A brief history about languages used in Italy
Semplicemente. Particolarmente. Sensazionale. Just listen to how melodious, how calming and good they sound to the ear and soul. That’s how the Italian language is described by most of those familiar with its beauty. How did it come to this majesty and its popular use? Let us look below at a brief history.
The Italian has been shaped during a lengthy and ongoing process. It began after the decline of the Roman Empire in the 5th century. Up to this, across the Empire, Latin had become a widespread language and spoken by the majority of the people.
After the fall of the renowned Roman Empire, ordinary and local forms and varying dialects played a significant role in society and the daily life of the people. However, thanks to the magnificent pieces of literature, Italian gradually won its deserved position, and, after the unification of Italy in 1861, ultimately it became the official language of the nation.
Other languages used in Italy
Apart from Italian, there are other languages used in Italy, in a wide range of regions. Each of them has its own simplicity, particularity, sensation and they add extra flavor to the cultural and linguistic diversity of the Appenine Peninsula. Here are some of them:
Griko is spoken by the Griko people, thought to be descendants of the Ancient Greek populations in Southern Italy. On account of this fact, the Griko language is counted as a living relic of Magna Graecia (Great Greece). The language has 40,000 and 50,000 second language speakers and it is part of the Hellenic language group, under the Italian Greek sub-group.
Gardiol is regarded as a dialect of the Occitan language, used in Guardia Piemontese in the southern region of Calabria.

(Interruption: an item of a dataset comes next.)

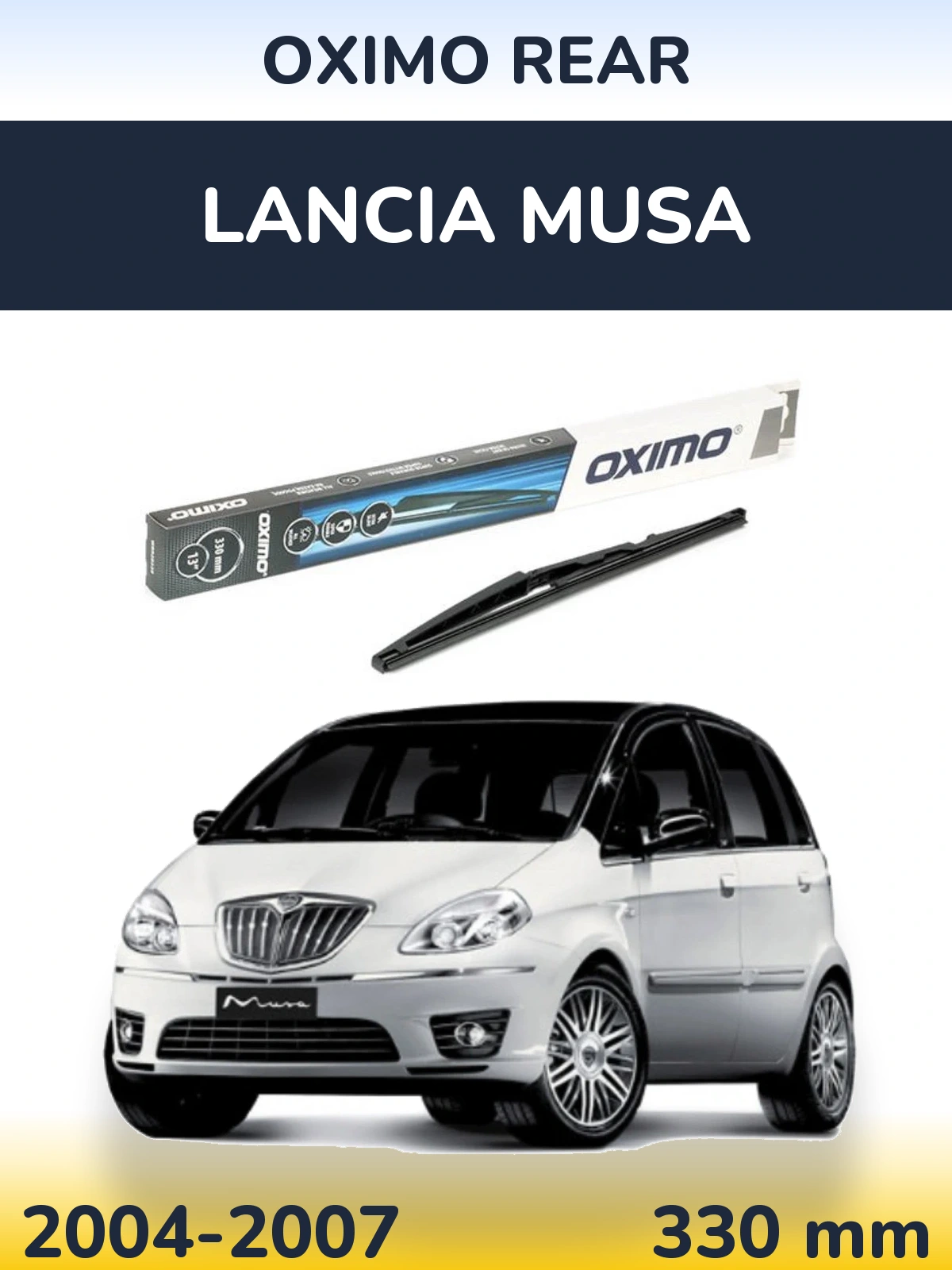Tylna wycieraczka Oximo Rear 330 mm do Lancia Musa 2004-2007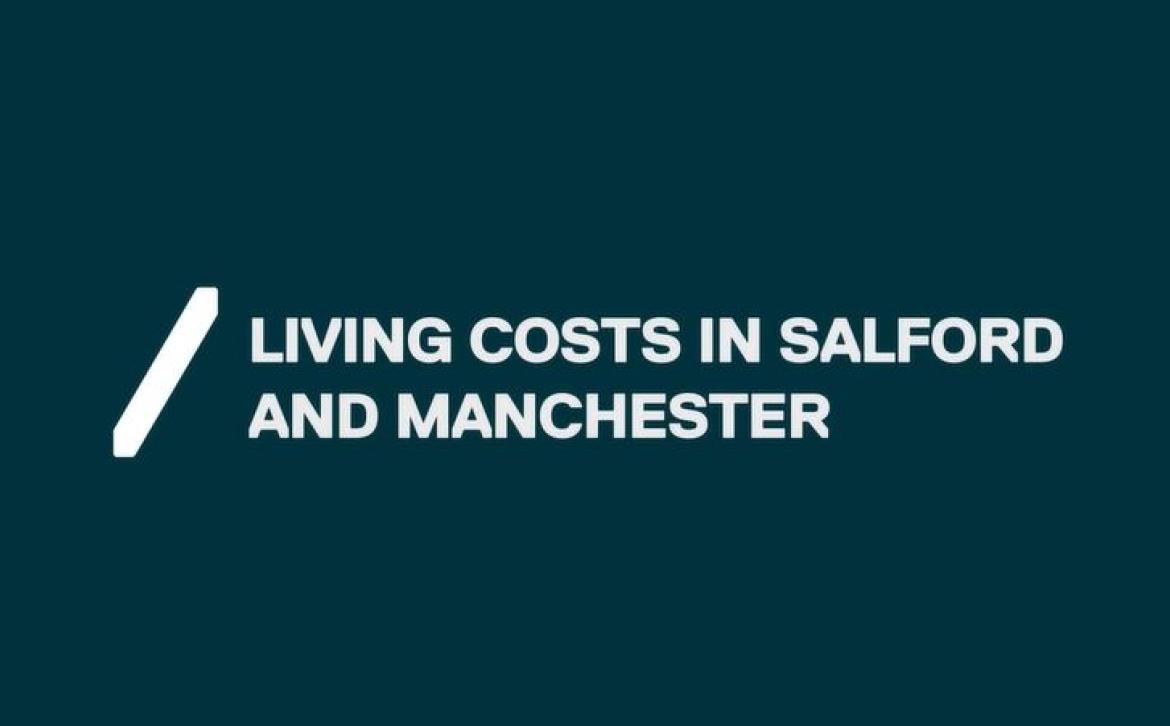 International student guide to living costs in Salford and Manchester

Vastese is rare and it is only used by the Vasto population. It is mostly spoken by elderly people.
Toitschu is a dialect of Alemmanic and is used in every part of the Piedmont and Aosta Valley. It is also known as Walser German and is not jointly comprehensible with Swiss or Standard German.
Molise Croatian is a dialect of Serbo-Croatian. It is spoken all through the Campobasso province by the Italian Croats. These days, it has less than 1,000 native speakers.
Did you know? Interesting facts about the Italian language
Here are some interesting and informative facts about the Italian language.
- The Italian alphabet has 21 letters! Yes, strange as it may seem, 21 only!
- It became the official language in 1861. As previously stated, after the unification of the Italian nation in the nineteenth century, it was time for the Italian language to become the official language of the country.
- There are around 85 million Italian speakers all around the world
- It the official language of four countries: the Republic of San Marino ( a minor state within the territory of the peninsula), the south of Switzerland, four municipalities of Slovenia, and the region of Istria in Croatia.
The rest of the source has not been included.